You realize they do not, once you stand in a line to get some, in fact, surprisingly good food, at ' La voiture-bar"
the little dining car, where there are counters, and very sweet young staff serve you microwave food. " Ah quelle horreur,"
ah what a horror says the French who still gobble it up.

There are, alas, no more booth to sit in, and be served by portentous and gruff waiters. This is not the elitist dining car of
the Sixties where you could watch Eva Marie Saint and Cary Grant spare with elegant words, in North by Northwest.

Here there is a serving counter where where you stand in line, and get sometimes pretty elaborated little meals.

Since the train flies through the landscape, any slight modification of the straight line creates transversal motion which breaks the staid queue, people are thrown roughly against each other, and you see french people's eyes suddenly widen in horror at such close physical contact with their fellow citizens.

That is when you discover how scared people really are to ride on the TGV.

But then the train rides for another ten minutes straight, and people are back in impeccable line, pretending nothing happened, and of course not talking to each other. Being of a loquacious and warm type, I usually try to start broaching an innocuous subject such as derailment at such speed, a subject I have to say seems to fall always on dead ears.

So I was subsequently visiting loveliest friends in a region close to Normandy, Le Perche, who have a young little boy who reminded me very much of the little one who wanted an aviator to draw for him a sheep.

His mother, who looks a little like a fairy in her castle, took me to "le marche" the farmers-market in the near little town. We went to " le bon poissonier "


which is the good fishmonger,










because the other fish stand, was "le poissonier qui n'est pas mauvais"

who is not bad, but of course not as good. In fact, he was lifting his arms in despair when he saw we passed him.








In the pic below, you will see the Little Prince asleep, probably dreaming about what could have happened to his rose.














Then, a little sad to leave these delightful friends, and because it is too exciting to roam over France riding a train, and knock oneself abruptly against the prudish French, the next goal was Provence.

It was sort of cold, with a little "Mistral," the north wind, which brings beautiful blue skies, but not a whole lot of warmth.

So we went to the delightful little city of Uzes, on the little square called " la Place aux Herbes "

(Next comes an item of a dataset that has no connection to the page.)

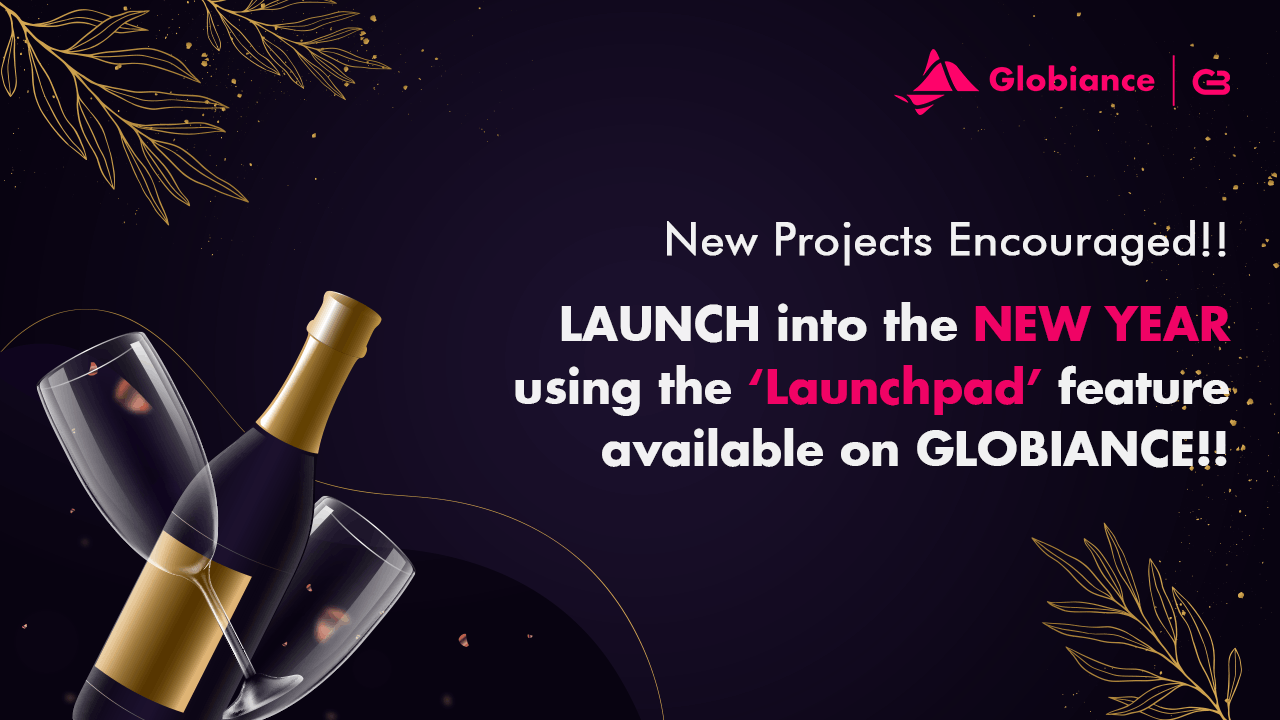 LAUNCH into the New Year using the Launchpad feature available on Globiance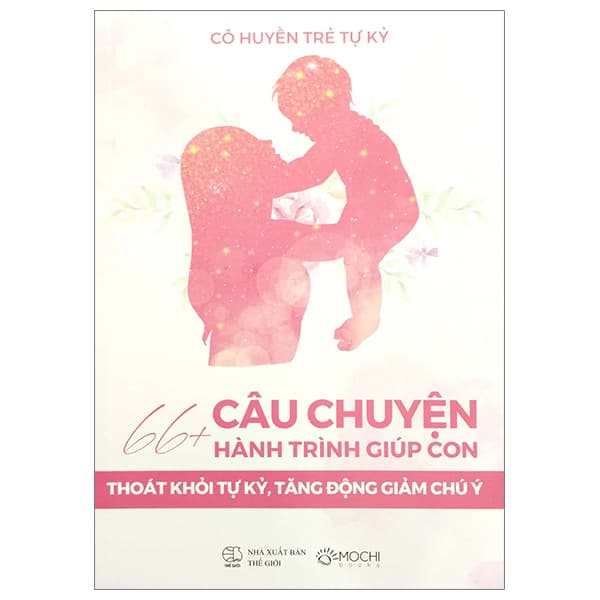 Sách 66+ Câu Chuyện Hành Trình Giúp Con Thoát Khỏi Tự Kỷ, Tăng Động G - Chuyện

literally " The Square of Herbs" where we ate something "sur le pouce ". See day 1 for translation. That day the menu, "sur le pouce" was "Veloute de Chou Romanesco" which is something like Velvet Soup of Roman Cabbage. Whichever way you translate it, it was delicious.






Then we waited for 2 pm when the stores open again, and we went into a tiny store to buy " des sacs pour l'aspirateur"
paper bags for the vacuum. The French have an imposing collection of paper bags for vacuums with very complicated codes.
You have to be French to understand what a refined system that is. There is a choice of about 123 different bags. A tiny old lady checked out the whole system for us, ordered her two sons to get the adequate assortment, and they obeyed her really fast.

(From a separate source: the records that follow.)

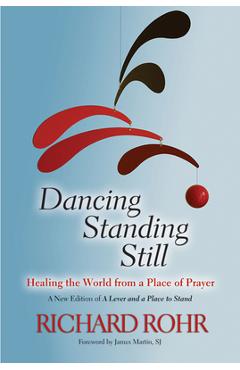 Dancing standing still: healing the world from a place of prayer - richard rohr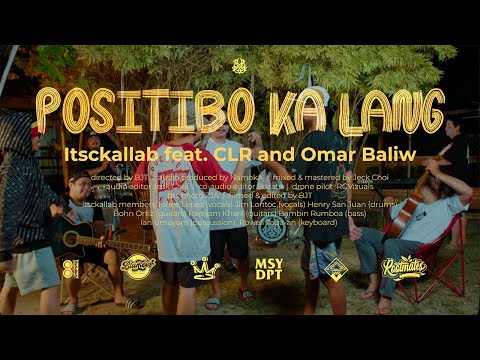 ITSCKALLAB - POSITIBO KA LANG Feat. CLR & OMAR BALIW (Official Music Video)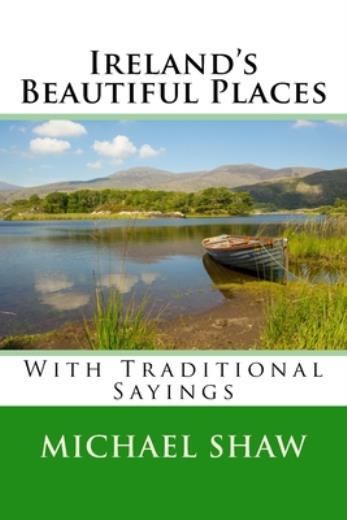 Ireland’s Beautiful Places: With Traditional Sayings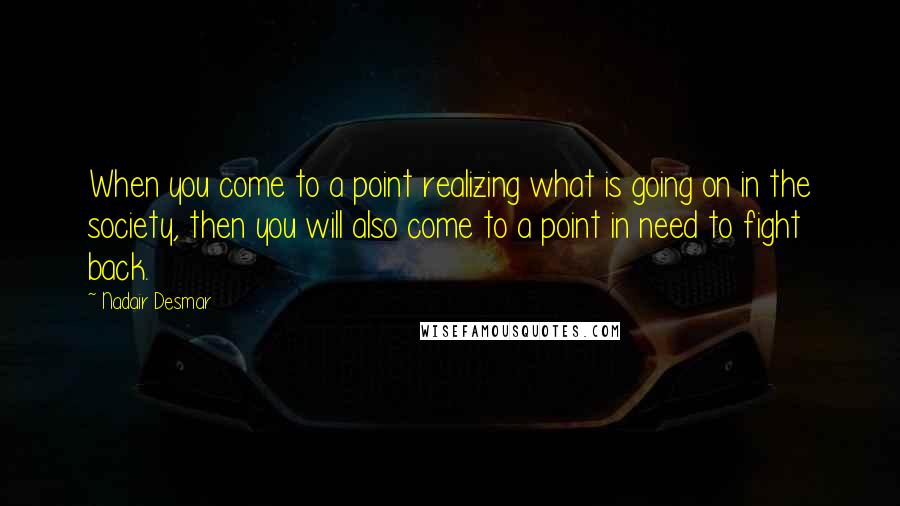 Nadair Desmar quotes: When you come to a point realizing what is going on in the society, then you will also come to a point in need to fight back. Nadair Desmar quotes: When you come to a point realizing what is going on in the society, then you will also come to a point in need to fight back.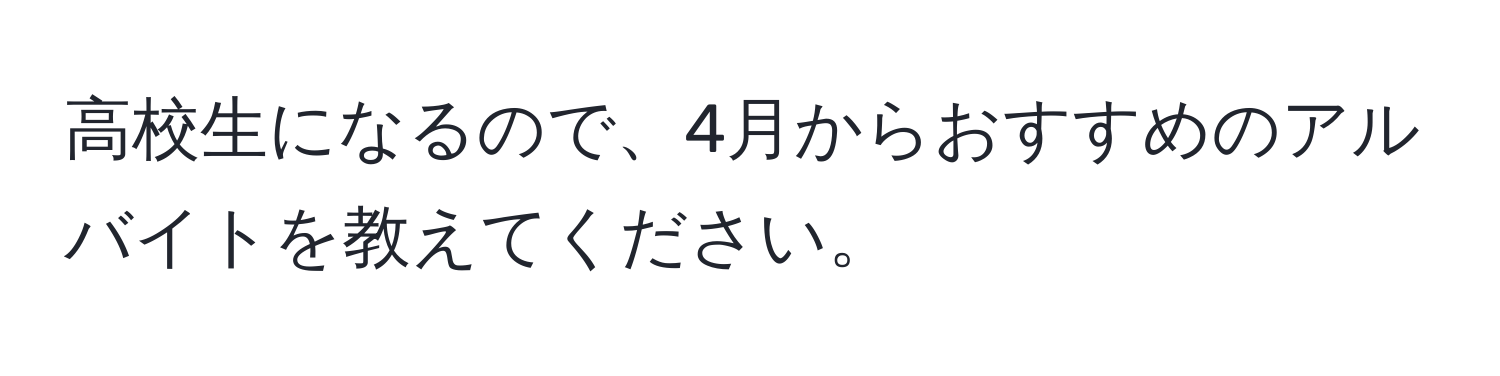 高校生になるので、4月からおすすめのアルバイトを教えてください。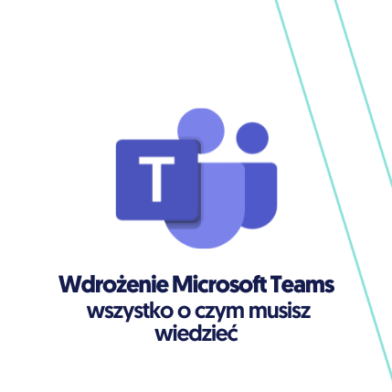Wdrożenie Microsoft Teams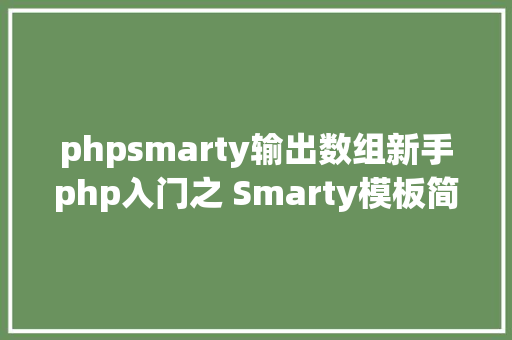 phpsmarty输出数组新手php入门之 Smarty模板简介及应用步调 HTML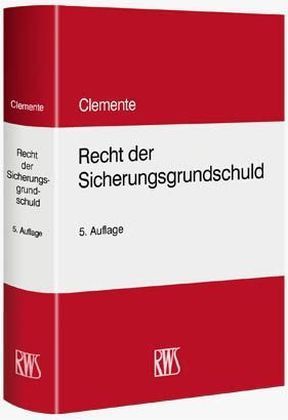 Recht der Sicherungsgrundschuld als Buch von Clemens Clemente - RWS Verlag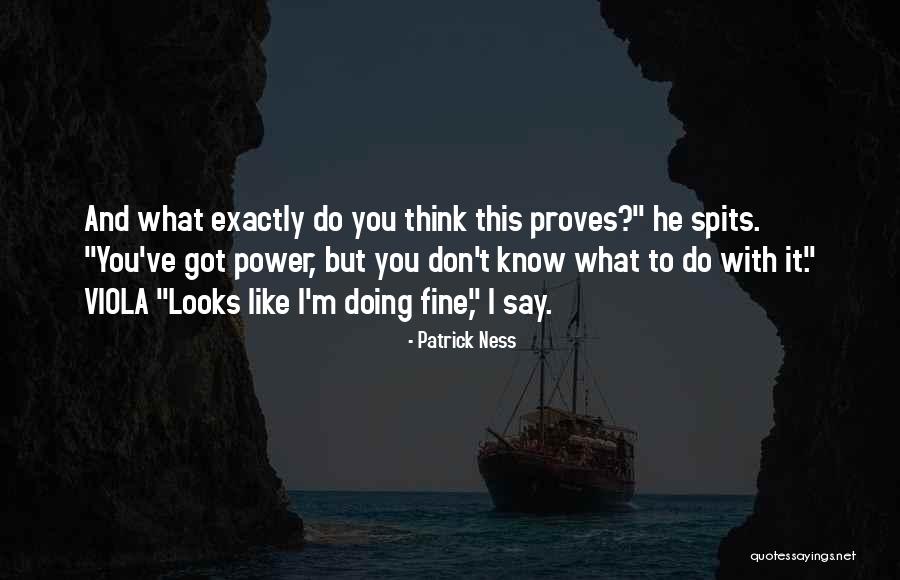 Autarkia Muerte Quotes By Patrick Ness Autarkia Muerte Quotes By Patrick Ness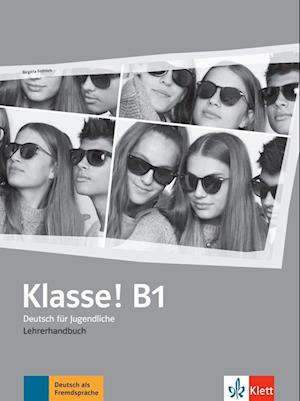 Cover for Fröhlich · Klasse!: Lehrerhandbuch B1 (Paperback Book) (2020)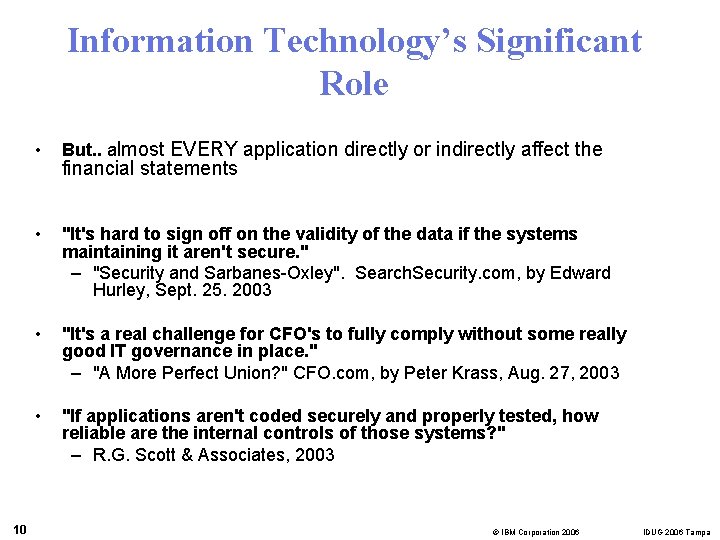 Information Technology’s Significant Role 10 • But. . almost EVERY application directly or indirectly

We drove back home crossing burnt orange paths streaking brown fields and dark vineyards, their trunk black and empty of any foliage. In some places you could see the tenderest blue- green of the olive trees against the dark brown earth. It's a raw and pretty amazing landscape in winter. And then you come across a lovely silent village.






And then in the evening, because outside the Mistral is blowing and it's cold, cold, cold, you get to feast on "un pot au feu." Braised beef with all kinds of vegetables, bones with marrow, and beef stock. It reminds you a bit of what cave men might have eaten, and then you think it's really worth to have ridden the Bullet Train, got the vacuum bags, and feel now warm, warm, warm.